PROMPT: Your copy should match the listing word for word, apart from the pictures, which are left out.

STORED DATA:
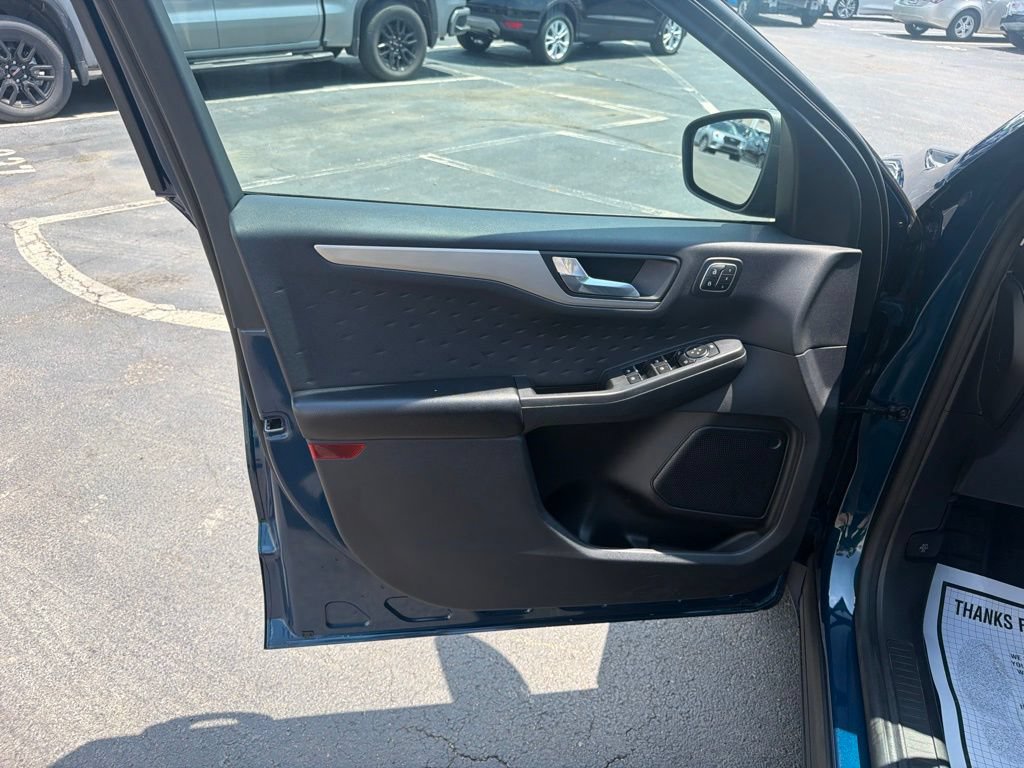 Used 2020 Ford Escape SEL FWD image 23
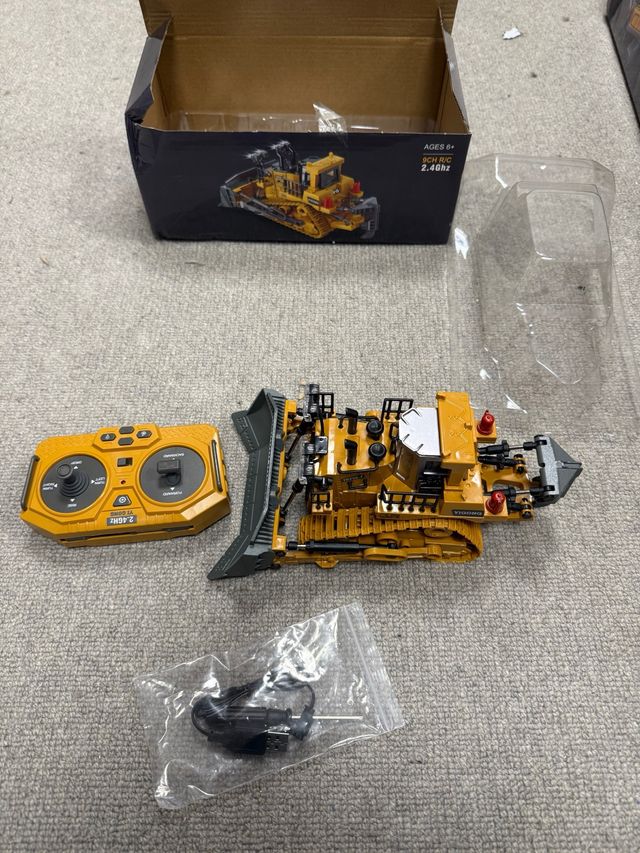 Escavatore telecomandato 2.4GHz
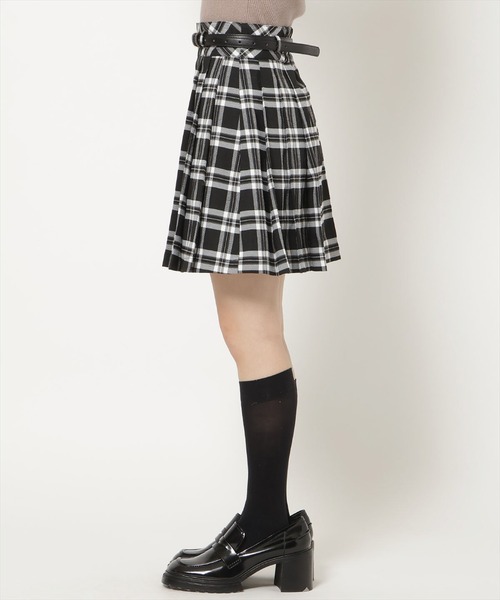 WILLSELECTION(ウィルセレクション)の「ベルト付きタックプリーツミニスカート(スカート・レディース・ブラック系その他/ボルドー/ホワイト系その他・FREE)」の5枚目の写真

RESPONSE AREA:
 Used 2020 Ford Escape SEL FWD image 23
 Escavatore telecomandato 2.4GHz
 WILLSELECTION(ウィルセレクション)の「ベルト付きタックプリーツミニスカート(スカート・レディース・ブラック系その他/ボルドー/ホワイト系その他・FREE)」の5枚目の写真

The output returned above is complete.